Saturday, October 30, 2010

"Just as we like it."


They built a little Globe Theatre for Shakespeare plays. The Great Lakes Exposition was about progress, about the future, about the world - it also had fan dancers and other kinks for daddy - and someone felt that Shakespeare had to be involved. That makes me happy.
About Some Players Who Give Us Shakespeare Just As We Like It
By Arthur Spaeth
The Cleveland News - July 2, 1936

We chose to imagine the Great Shakespeare’s spook being a bit puzzled and then downright worried through the centuries since his demise as the literati has carried on a campaign of refined ballyhoo, that has stuck the Bard up on a pedestal far from the common people.

But this brave little Globe theater company is doing its darndest to bring him back down to you and me - and doing it darned well.

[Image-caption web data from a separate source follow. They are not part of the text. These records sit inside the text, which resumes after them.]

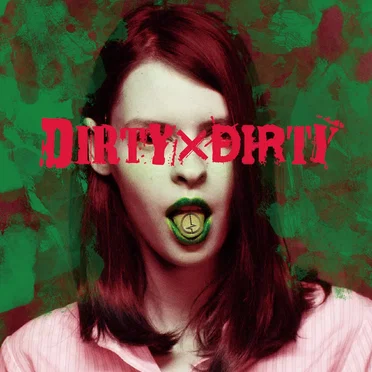 DIRTY×DIRTY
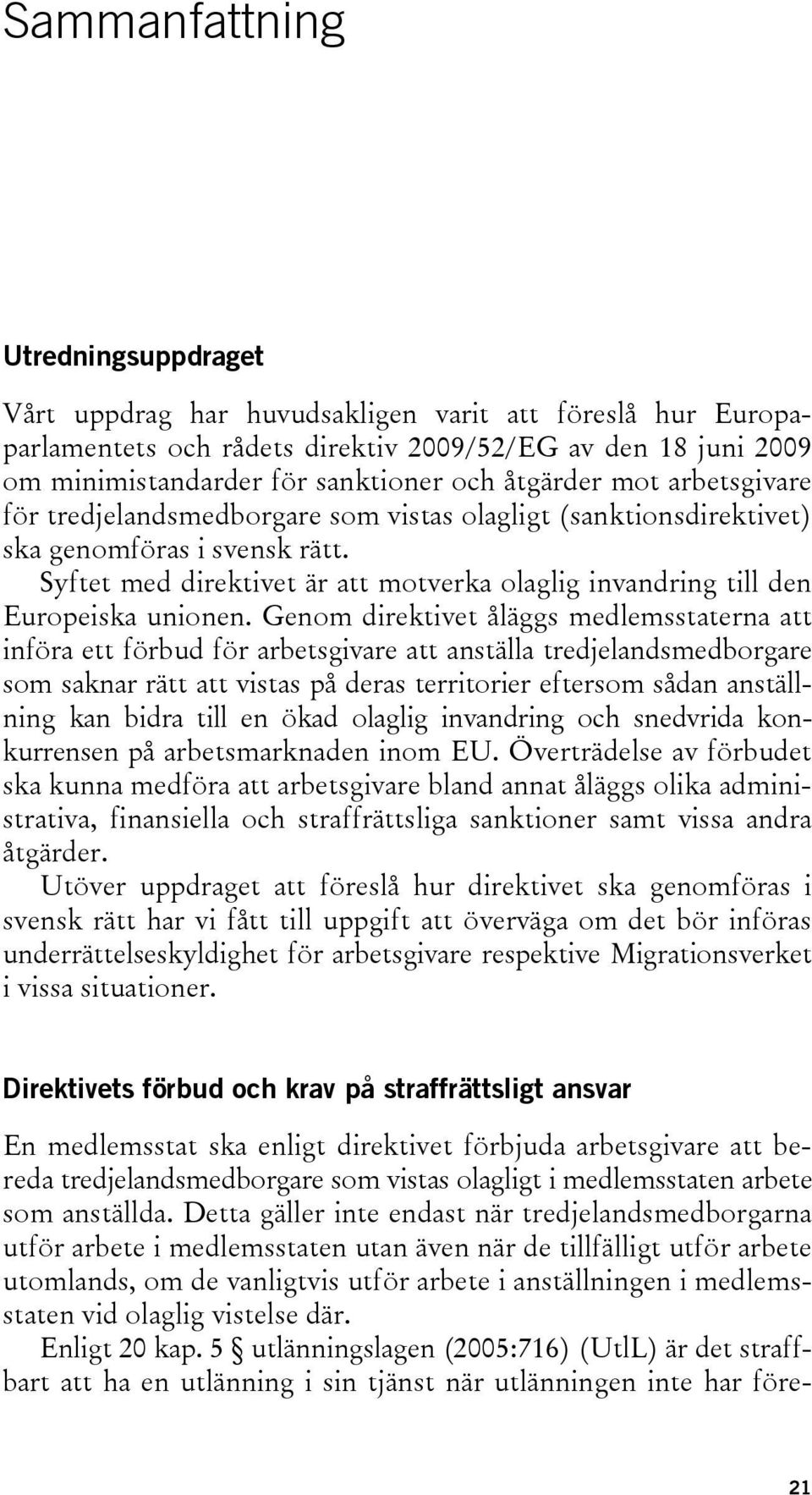 Syftet med direktivet är att motverka olaglig invandring till den Europeiska unionen.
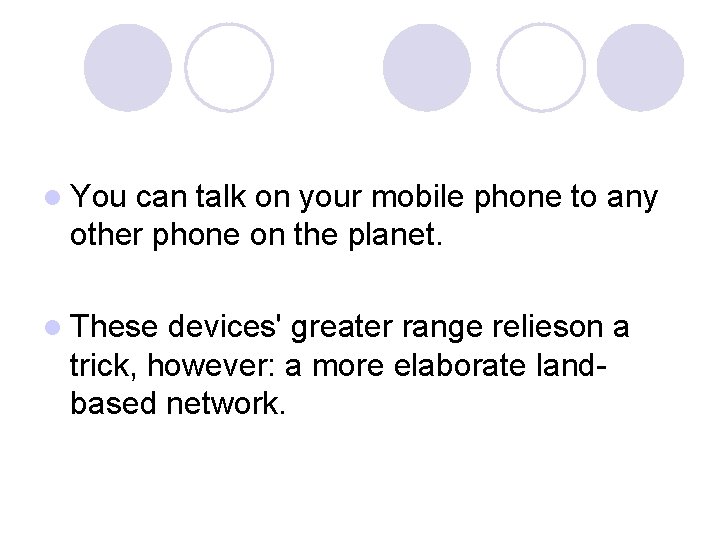 l You can talk on your mobile phone to any other phone on the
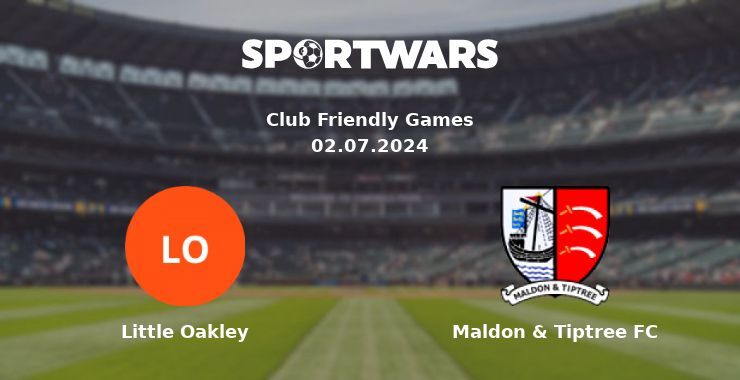 Little Oakley — Maldon & Tiptree FC watch online for free 02.07.2024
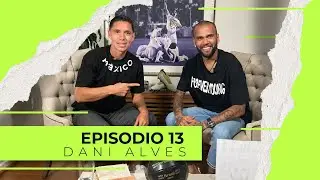 Dani Alves / Episodio 13 Parte 1 / El futbolista más ganador de la historia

Here’s comedy with true burlesque flavor. It’s lusty, ribald, pants-kicking comedy. And it’s played as Shakespeare wrote and directed it.


***

Visiting the Old Globe ...
By W. Ward Marsh
The Plain Dealer - July 3, 1936

“Julius Caesar” seems to lend itself better to the abbreviated production of the Globe than the other plays I have seen. The whole kernel of the play is present, and it moves swiftly and logically with no appearent loss in power trough the reduction of characters, words and scenes. The three phases of Caesar’s story life, death, burial, make for stirring melodrama in the Globe, and the great speeches, the spurring by Cassius, the apologies of Brutus, and the oration of Antony, are here and are delivered with power and fire.

I felt that Director Stevens had done remarkable work with the mob scenes. Although the “mobs” were not large, they were expertly coached and gave this production a good deal of its power and stirring qualities.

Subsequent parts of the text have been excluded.